On Wednesday, the company announced that its board of directors had approved a 4: 1 stock split on July 22nd.

GameStop's share price has returned to Earth following last year's Reddit-fueled surge. This year's stock price has fallen by about 16%, reflecting the growing market sellout.

CurrentGameStop (GME)For shareholders, the overall value of the investment remains the same But when everything is said and done, they will own four times as many shares.

Companies split their shares for a variety of reasons. The split keeps the price of the stock within the reach of small private investors, helping companies to increase liquidity and increase demand for their stock.

Well-financed institutional investors usually don't suffer from high stock prices, but individual investors can be turned off by very high price tags. The growth of free trading apps, including Robin Hood, E-Trade, etc., has helped make stock splits more attractive in recent years.

Several big tech companies have also recently announced a stock split to increase their affordability.

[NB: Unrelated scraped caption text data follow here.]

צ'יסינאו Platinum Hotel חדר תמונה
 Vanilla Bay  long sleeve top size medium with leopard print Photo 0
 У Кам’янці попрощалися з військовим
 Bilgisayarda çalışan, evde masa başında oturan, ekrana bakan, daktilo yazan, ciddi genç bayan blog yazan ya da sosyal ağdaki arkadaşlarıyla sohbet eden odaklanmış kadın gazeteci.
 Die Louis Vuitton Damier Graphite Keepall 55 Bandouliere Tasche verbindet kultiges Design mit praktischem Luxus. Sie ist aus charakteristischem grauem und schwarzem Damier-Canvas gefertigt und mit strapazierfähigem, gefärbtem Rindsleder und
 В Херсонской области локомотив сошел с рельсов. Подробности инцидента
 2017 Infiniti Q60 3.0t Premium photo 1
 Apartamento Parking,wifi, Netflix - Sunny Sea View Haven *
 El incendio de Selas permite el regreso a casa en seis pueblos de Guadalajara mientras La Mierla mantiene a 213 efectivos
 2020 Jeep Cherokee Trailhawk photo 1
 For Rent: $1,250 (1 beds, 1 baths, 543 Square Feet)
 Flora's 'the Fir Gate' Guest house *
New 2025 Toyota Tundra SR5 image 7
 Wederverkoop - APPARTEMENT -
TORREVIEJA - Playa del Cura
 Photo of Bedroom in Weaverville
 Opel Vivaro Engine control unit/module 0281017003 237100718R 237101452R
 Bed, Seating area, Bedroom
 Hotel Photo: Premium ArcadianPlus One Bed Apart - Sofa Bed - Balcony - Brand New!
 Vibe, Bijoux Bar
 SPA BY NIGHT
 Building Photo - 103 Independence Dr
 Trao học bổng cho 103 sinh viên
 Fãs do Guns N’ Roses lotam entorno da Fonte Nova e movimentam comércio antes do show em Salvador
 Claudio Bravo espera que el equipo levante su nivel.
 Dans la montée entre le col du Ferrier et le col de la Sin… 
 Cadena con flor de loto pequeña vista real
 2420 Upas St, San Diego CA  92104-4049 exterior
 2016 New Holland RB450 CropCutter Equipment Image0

Amazon's 20: 1 partition came into effect in June. Alphabet, which owns Google, also recently announced a 20: 1 partition. And Teslaannounced a 3: 1 partition of unityin June.

GameStop, like other meme stocks, is showing a rough move in 2022. We've hit back a bit lately, but stocks plummeted earlier this year. Many short-selling stocks (investors who borrow stocks and sell in the hope of buying them back at a lower price), such as GameStop and AMC, continue to make big bets on these meme stocks. However, this is a dangerous strategy. Investors can lose a lot of money if shorted stocks rise above the price purchased by shortsellers.

--David Goldman of CNN Business contributed to this report.